What had been a steady job in Colorado Springs became a string of odd jobs in Johnstown, Ohio, 30 minutes outside Columbus: a lawn mower repair shop, a tattoo parlor, whatever garage that would spare a few dollars for him. At one point, he was even an officer in the town’s small police force. Jan found steady work at a supermarket. Still, the Duffys went from a five-bedroom house in Colorado to a two-bedroom
apartment in Johnstown. There weren’t enough beds for Curtis to claim one, so for a while he slept on the floor of a walk-in closet.
Curtis felt trapped in a small town, wearing out the tape on his speed-metal cassettes, prone to bursts of rage. He and his older brother, Robert Jr., went out looking for fights.
“My brother and I weren’t the easiest kids,” Curtis said. “We were bored out of our minds.”

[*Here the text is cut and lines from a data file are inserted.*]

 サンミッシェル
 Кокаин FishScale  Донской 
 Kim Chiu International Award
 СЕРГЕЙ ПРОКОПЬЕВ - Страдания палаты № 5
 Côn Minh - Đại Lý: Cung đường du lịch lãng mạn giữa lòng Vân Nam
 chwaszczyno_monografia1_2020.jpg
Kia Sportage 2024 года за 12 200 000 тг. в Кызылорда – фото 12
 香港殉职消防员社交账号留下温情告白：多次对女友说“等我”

(Attempts to reach Robert Jr. for this story were unsuccessful.)
Around Johnstown, everyone knew Robert Jr. as “Tig,” short for tiger, all paunch and brawn. Curtis was “Bones,” tall, lean, a tough shell. The Duffy boys made an intimidating tag team. They used fists, hammers, even their skulls as weapons, Curtis said: One time he pummeled a kid’s face so badly the boy was later fitted with braces.
Curtis got an after-school job stocking shelves at the local Kroger supermarket and quickly hatched a scheme for more money: He stashed a case—dozens of cartons—of Marlboro cigarettes in a garbage can and planned to retrieve it after-hours, then sell the cigarettes to friends. An inventory check revealed the missing case, which was easily traced back to one Curtis Lee Duffy. Stealing that many cigarettes was considered a felony, but the store manager decided against pressing charges. If Curtis’ uncle weren’t also a cop who turned a blind eye at his nephew’s indiscretions, Curtis surely would have landed in jail.

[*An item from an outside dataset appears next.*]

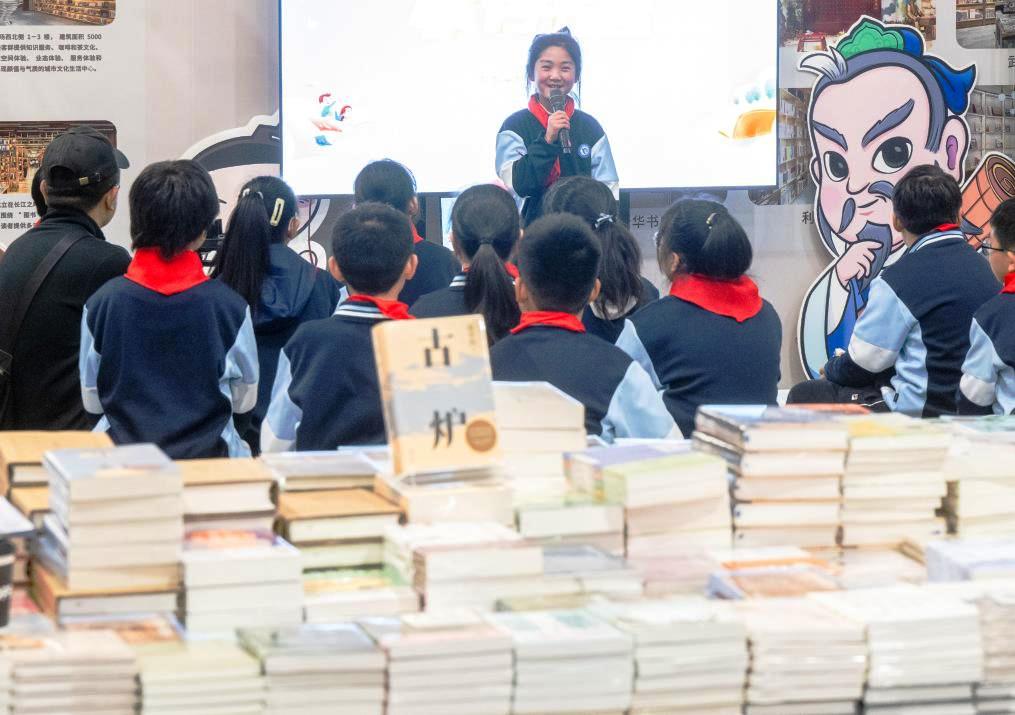 武漢童書展觀察:互聯(lián)網(wǎng)+時代如何堅持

School? If he felt motivated, Curtis said, he’d work for a C. The thought of home economics class was even less palatable, especially when it was mandatory for all sixth-graders. There Curtis sat, choosing a table as far back as possible in Room 12 of Adams Middle School.
And that is where the switch flipped for him, the filament glowed and the bulb flickered on. All it took was a word: Something something . . . yada yada . . . pizza.
His teacher, Ruth Snider, knew what to say to middle school boys who thought only girls cooked or sewed. It was an attitude she had seen in many other adolescent boys with machismo to burn.